Pourquoi ?

Une centaine de morts ! C’est ce chiffre ahurissant qui est l’horreur. Non que limité à deux ou trois, le nombre de ces morts eût été moins angoissant. Mais ce bilan lourd dépasse tout entendement et renvoie dos à dos nos politiques, de l’opposition comme de la majorité. Car, je ne vois pas l’attaque foudroyante, massive qui aurait pu justifier l’emploi des moyens lourds. On aurait voulu faire un carnage de plus qu’on ne s’y serait pas pris autrement.

De même, je continue de dire qu’aucune cause nationale ne nous est présentée qui puisse justifier que nous supportions les privations et les horreurs à répétition de ces cinq dernières années. Ntumi a envoyé de jeunes garçons à la mort, sans égratigner celui qui était la cible désignée de sa folie, Sassou. Depuis le 29 mars et son attaque contre un train civil, Ntumi est devenu un brigand dont la cause n’est connue que de lui seul.

Ces questionnements et bien d’autres nous interpellent aussi, nous tous qui même dans cet espace, trouvons des justifications aux causes les plus sanguinolentes. Par simple solidarité ethnique. Une solidarité qui ne raisonne plus, n’examine plus les tenants et les aboutissants de nos problèmes, mais sort du chapeau atavique de toujours les mêmes victimes et les mêmes coupables de toujours.

Au point que j’en ai entendu dire : " 100 morts ? Seulement ? ". Et que j’en ai entendu également dire : " Nous sommes finis. ‘Ils’ nous finissent ". Deux attitudes qui ne fondent pas une nation. N’annoncent aucune démocratie. Nous sommes assis sur les barils de poudre de nos frustrations de toujours, de nos haines toujours activées. Vendredi dernier c’étaient des Ninjas.
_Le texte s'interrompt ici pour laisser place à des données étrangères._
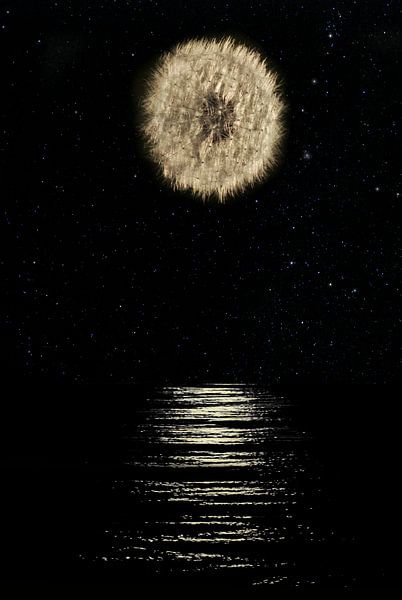 Ceci n'est pas la Lune (This is not the moon) by Corinne Welp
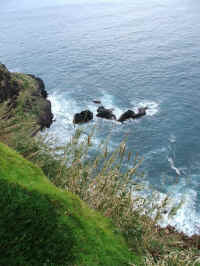 madeira06 057.jpg (110853 Byte)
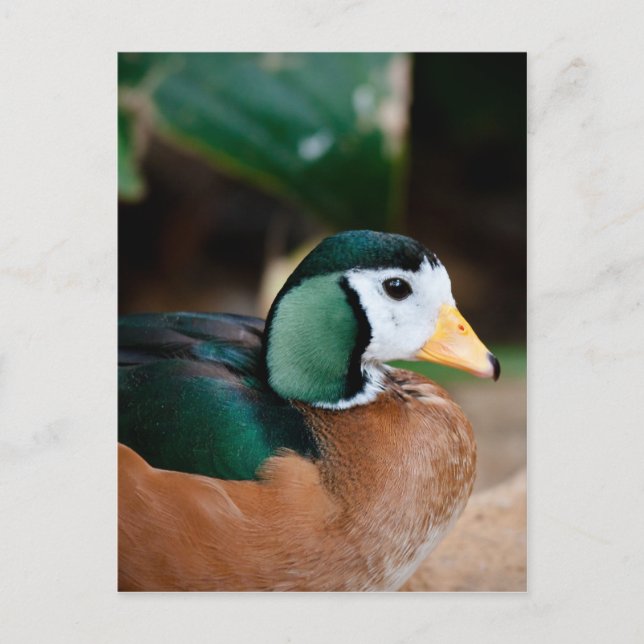 African Pygmy Goose Postkarte (Vorderseite)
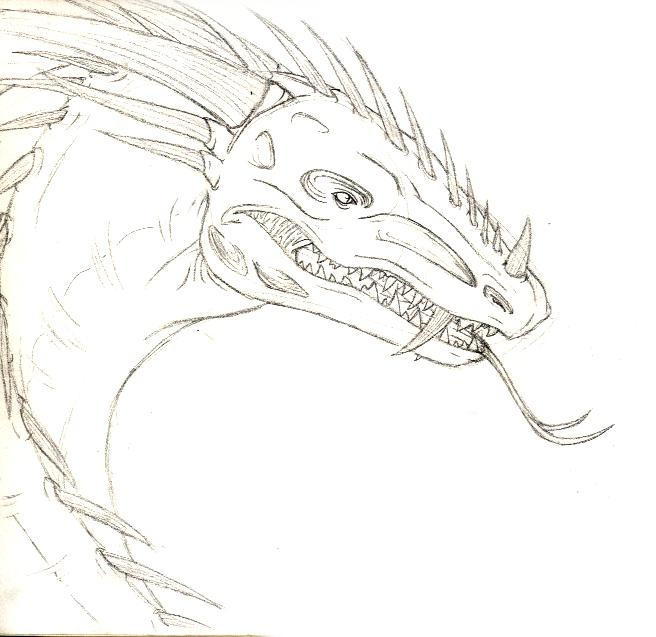 Generic Dragon 002 by wavemaster on DeviantArt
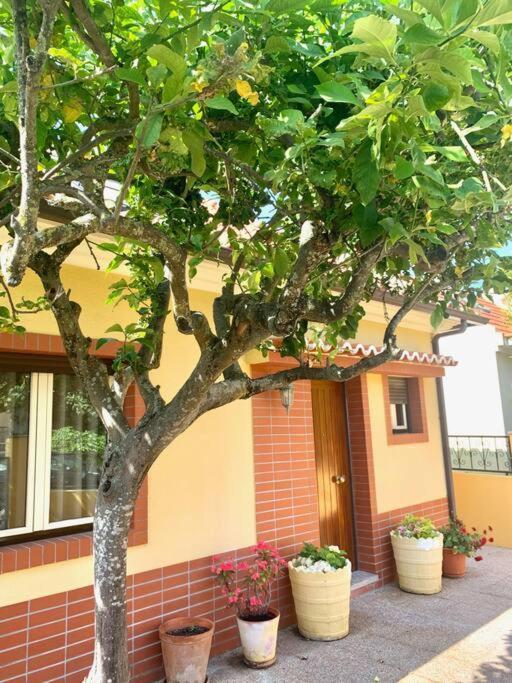 Top Beach House Costa de Caparica Zewnętrze zdjęcie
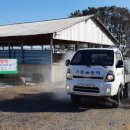 포항축산업협동조합 이미지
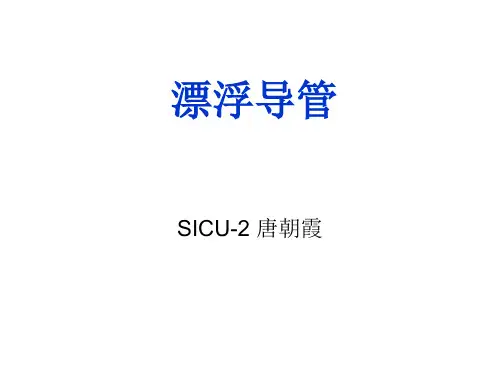 漂浮导管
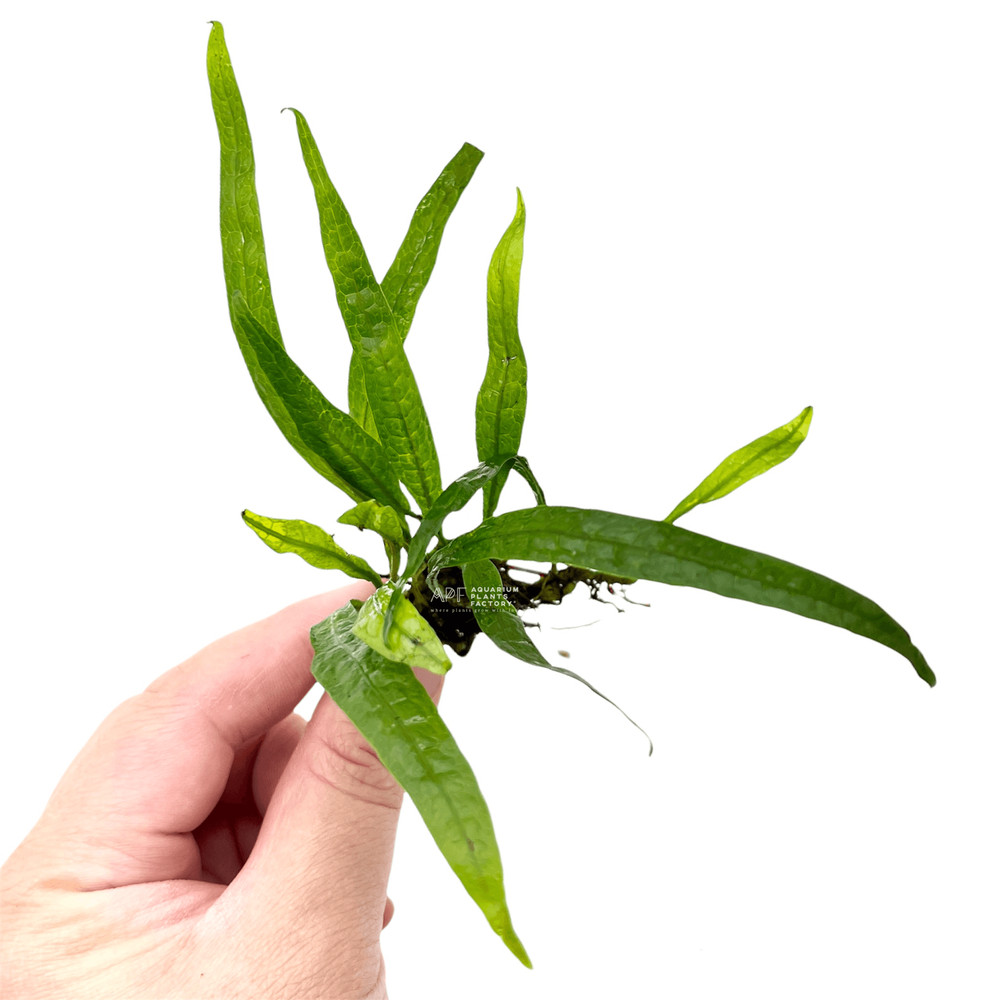 Java Fern Philippine Mini | Aquarium Plants Factory®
Plus tard ce seront des Cobras ou des Zoulous : chacun son tour.

Et aucune voix pour s’élever et rappeler à tous qu’un pouvoir se sait fort de dompter sa propre force même contre ceux qui veulent l’éprouver. Aucune voix pour rappeler à Ntumi les souffrances qu’il inflige et fait infliger à son propre peuple, sans ligne conductrice d’une action qui, je l’ai dit, verse de plus en plus dans le simple brigandage.

Les événements de la semaine dernière à Brazzaville nous interpellent tous. Car ils reposent le problème de ce manque criard de mobilisation nationale autour d’une cause nôtre, qui ne soit pas celle d’un sud ou d’un nord dont on ne sait plus très bien ce qu’ils représentent, points cardinaux, lignes de délimitation des tolérances ou éléments inconciliables d’une réalité nationale bâtie par quelque architecte du Mur de Berlin.

Nous sommes malades de notre indifférence à notre propre souffrance. Nous sommes malades de nous exclure du devoir de réaction devant ce qui compromet notre avenir en tant que nation en fondation. Nous sommes malades de ne pas prendre le courage de dire à ceux que nous soutenons quand ils dépassent la ligne jaune et privilégient des solutions qui nous étranglent en tant que peuple. A Maya-Maya, il y a une semaine, une armée a franchi la ligne jaune. Et quelques heures plus tôt un prétendu pasteur avait, lui aussi, franchi les bornes en attaquant avec des mousquets une armurerie gardée.